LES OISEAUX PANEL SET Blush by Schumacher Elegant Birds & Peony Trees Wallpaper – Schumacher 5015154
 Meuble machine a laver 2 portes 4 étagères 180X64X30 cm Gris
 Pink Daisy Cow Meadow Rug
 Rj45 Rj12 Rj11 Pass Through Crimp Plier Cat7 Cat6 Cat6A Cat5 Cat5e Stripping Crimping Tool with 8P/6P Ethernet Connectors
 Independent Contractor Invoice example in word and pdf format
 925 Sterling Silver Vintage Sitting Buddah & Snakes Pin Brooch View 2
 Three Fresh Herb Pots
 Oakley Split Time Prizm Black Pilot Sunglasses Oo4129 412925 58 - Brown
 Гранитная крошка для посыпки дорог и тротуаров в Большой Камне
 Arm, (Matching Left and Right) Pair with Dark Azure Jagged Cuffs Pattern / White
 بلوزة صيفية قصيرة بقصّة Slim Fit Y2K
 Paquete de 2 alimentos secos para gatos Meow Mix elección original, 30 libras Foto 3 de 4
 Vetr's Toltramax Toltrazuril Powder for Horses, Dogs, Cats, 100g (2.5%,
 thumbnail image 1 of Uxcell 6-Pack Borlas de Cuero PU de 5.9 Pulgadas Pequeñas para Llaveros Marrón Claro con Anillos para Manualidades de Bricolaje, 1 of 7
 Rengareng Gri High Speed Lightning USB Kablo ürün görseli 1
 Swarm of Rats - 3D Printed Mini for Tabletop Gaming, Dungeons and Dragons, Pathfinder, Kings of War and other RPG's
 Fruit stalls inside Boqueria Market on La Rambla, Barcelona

■ Task to complete
Reproduce every line of the listing above in which the string "with" appears.

■ Task answer
 Rj45 Rj12 Rj11 Pass Through Crimp Plier Cat7 Cat6 Cat6A Cat5 Cat5e Stripping Crimping Tool with 8P/6P Ethernet Connectors
 Arm, (Matching Left and Right) Pair with Dark Azure Jagged Cuffs Pattern / White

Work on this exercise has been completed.